Making It Better in the Big Leagues
Many people may have been too preoccupied with holiday travel and tasty food to notice, but last week Major League Baseball (MLB) and the Players’ Association reached a new, five-year collective bargaining agreement (CBA), which ensures that America’s pastime will continue uninterrupted through the 2016 season. So what, you ask? What has this got to do with civil liberties? Well, included in the new CBA are important sexual orientation nondiscrimination protections.
When I first heard about this latest civil rights advance for current and future gay professional baseball players, I immediately thought of the late Glenn Burke, a former outfielder for the Los Angeles Dodgers and Oakland A’s in the late 1970s who was also the first MLB player to publicly acknowledge that he was gay. Despite putting up solid numbers and playing in a World Series, Burke was driven from baseball in 1980 at the age of 27. As was reported in the New York Times obituary at the time of his death, Burke said people too many people in baseball condemned his sexuality:
Prejudice drove me out of baseball sooner than I should have. But I wasn’t changing.
It breaks my heart that this man was driven from the game of baseball and never permitted the opportunity to reach his full potential because he was gay. While we should certainly honor his memory and fighting spirit against imposed closets, we should aspire for a world where this could never again happen to another player. This new agreement seems like an important step in the right direction.
The most recent announcement comes on the heels of the NFL CBA which was finalized over the summer and also included specific sexual orientation nondiscrimination protections. Professional football and baseball join professional soccer and hockey in having nondiscrimination policies that include protections based on player’s sexual orientation.

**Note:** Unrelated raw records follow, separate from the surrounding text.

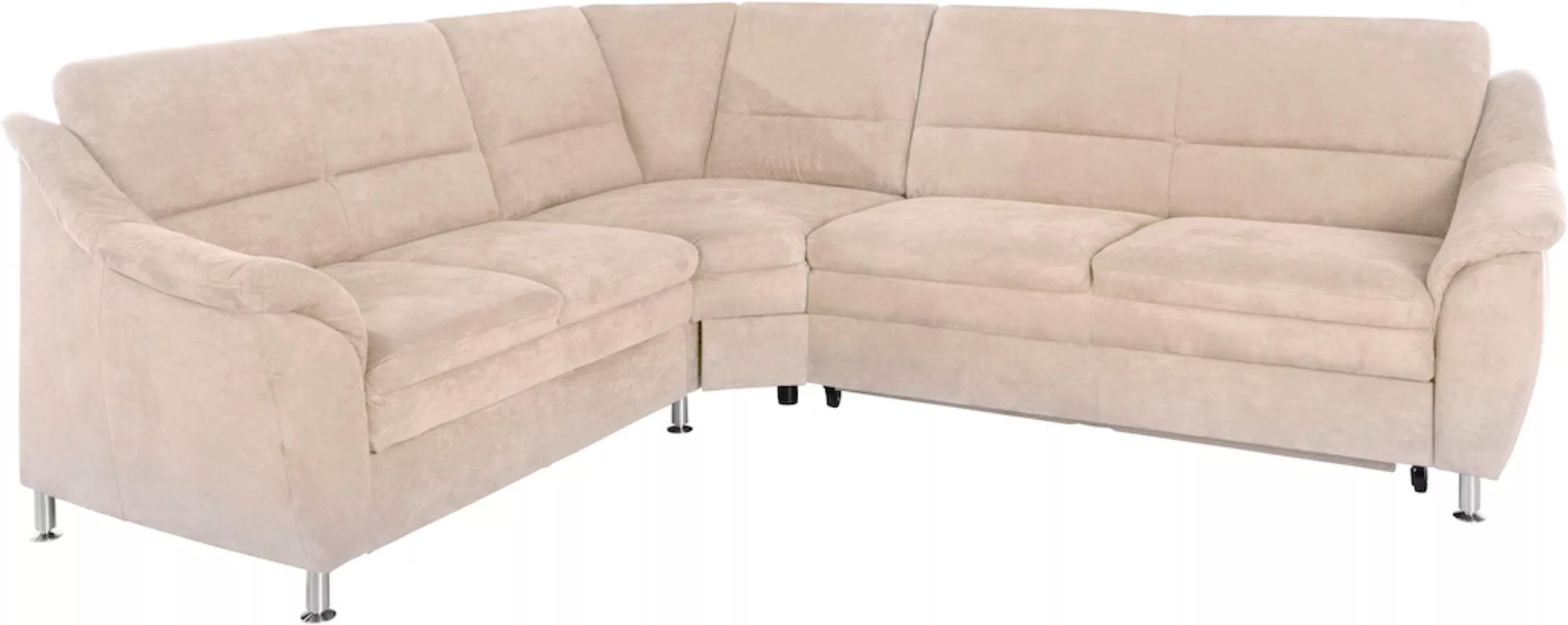 Places of Style Ecksofa »Cardoso L-Form«, mit Trapezecke für mehr Sitzkomfo günstig online kaufen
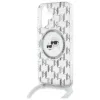 Karl Lagerfeld IML Crossbody Monogram Karl & Choupette Head Back Cover Hülle mit MagSafe für Apple iPhone 16 - Transparent 5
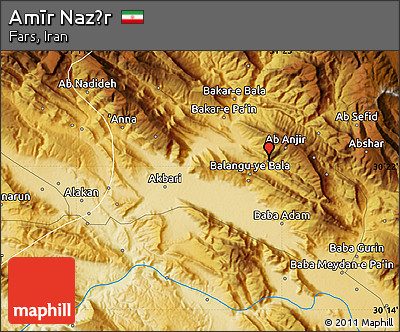 Physical Map of Amīr Naz̄r
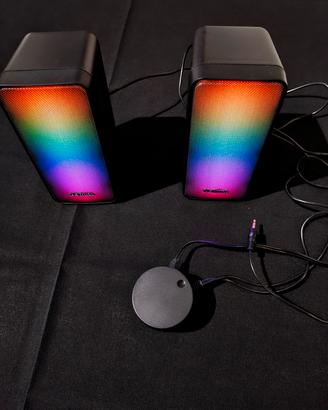 trust gaming Wezz casse PC USB RGB illuminate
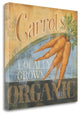 "Carrots" By Kim Lewis, Giclee Print on Gallery Wrap Canvas, Ready to Hang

These nondiscrimination policies are important because they remove some of the risk for a player if he decides to come out and live openly. And yes, job security is important, even in the world of professional sports. Amazing though it may seem in the year 2011, there still is no federal law that expressly protects people from discrimination in employment on the basis of either sexual orientation or gender identity. Clearly the U.S. Congress could learn a thing or two from the big leagues and finally pass the Employment Non-Discrimination Act (ENDA).
Throughout the 2011 baseball season, numerous teams contributed videos to the It Gets Better Project, including the San Francisco Giants who were the very first to do so. Well, this new MLB CBA is actually a concrete example of team owners and players coming together to make it better. As I originally said at the time the NFL CBA protections were announced, I hope the important nondiscrimination message in these professional sports agreements makes its way down to both college and high school athletes. Knowing that it gets better even in the world of professional sports can really be a game-changer for LGBT youth, particularly those involved in athletics.